*** Begin section ***

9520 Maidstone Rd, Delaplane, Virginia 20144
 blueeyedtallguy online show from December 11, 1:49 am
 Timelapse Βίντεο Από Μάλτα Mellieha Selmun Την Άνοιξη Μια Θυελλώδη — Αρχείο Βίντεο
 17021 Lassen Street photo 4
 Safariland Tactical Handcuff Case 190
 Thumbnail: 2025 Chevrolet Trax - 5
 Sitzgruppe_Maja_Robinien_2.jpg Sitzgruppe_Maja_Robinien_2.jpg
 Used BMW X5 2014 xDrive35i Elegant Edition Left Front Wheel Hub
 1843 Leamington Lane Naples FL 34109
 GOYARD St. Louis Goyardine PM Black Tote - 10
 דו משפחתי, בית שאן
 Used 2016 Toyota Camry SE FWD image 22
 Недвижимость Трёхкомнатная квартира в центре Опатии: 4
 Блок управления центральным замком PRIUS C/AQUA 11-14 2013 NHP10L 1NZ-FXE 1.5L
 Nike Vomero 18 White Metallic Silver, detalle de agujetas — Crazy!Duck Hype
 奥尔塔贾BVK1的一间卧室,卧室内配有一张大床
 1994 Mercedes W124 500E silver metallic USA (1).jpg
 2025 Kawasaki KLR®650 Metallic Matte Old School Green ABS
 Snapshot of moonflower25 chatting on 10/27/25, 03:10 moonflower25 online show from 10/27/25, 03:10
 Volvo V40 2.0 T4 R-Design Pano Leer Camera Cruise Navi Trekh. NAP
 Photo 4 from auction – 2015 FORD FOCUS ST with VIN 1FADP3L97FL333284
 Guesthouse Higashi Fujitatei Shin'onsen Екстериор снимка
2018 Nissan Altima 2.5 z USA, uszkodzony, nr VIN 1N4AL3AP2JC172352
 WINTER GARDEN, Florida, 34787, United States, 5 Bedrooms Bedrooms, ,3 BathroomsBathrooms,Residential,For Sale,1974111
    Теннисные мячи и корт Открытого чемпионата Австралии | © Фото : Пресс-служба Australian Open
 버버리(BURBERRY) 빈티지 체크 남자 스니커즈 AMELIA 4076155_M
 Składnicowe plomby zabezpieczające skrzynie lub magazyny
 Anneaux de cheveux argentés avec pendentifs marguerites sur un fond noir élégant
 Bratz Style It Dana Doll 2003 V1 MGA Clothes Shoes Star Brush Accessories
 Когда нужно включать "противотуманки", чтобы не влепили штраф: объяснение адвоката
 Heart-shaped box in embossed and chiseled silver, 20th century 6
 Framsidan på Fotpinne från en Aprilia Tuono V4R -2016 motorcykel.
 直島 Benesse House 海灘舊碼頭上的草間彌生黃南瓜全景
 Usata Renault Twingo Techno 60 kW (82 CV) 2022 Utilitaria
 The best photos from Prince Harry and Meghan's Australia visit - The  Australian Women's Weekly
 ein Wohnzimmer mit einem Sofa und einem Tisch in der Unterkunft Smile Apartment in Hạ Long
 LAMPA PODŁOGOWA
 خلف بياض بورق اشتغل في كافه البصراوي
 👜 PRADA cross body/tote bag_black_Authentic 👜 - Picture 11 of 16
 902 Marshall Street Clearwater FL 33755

*** End section ***

Task objective – Find each line in the material above that carries the string "show", and copy it.

Task response –
 blueeyedtallguy online show from December 11, 1:49 am
 Snapshot of moonflower25 chatting on 10/27/25, 03:10 moonflower25 online show from 10/27/25, 03:10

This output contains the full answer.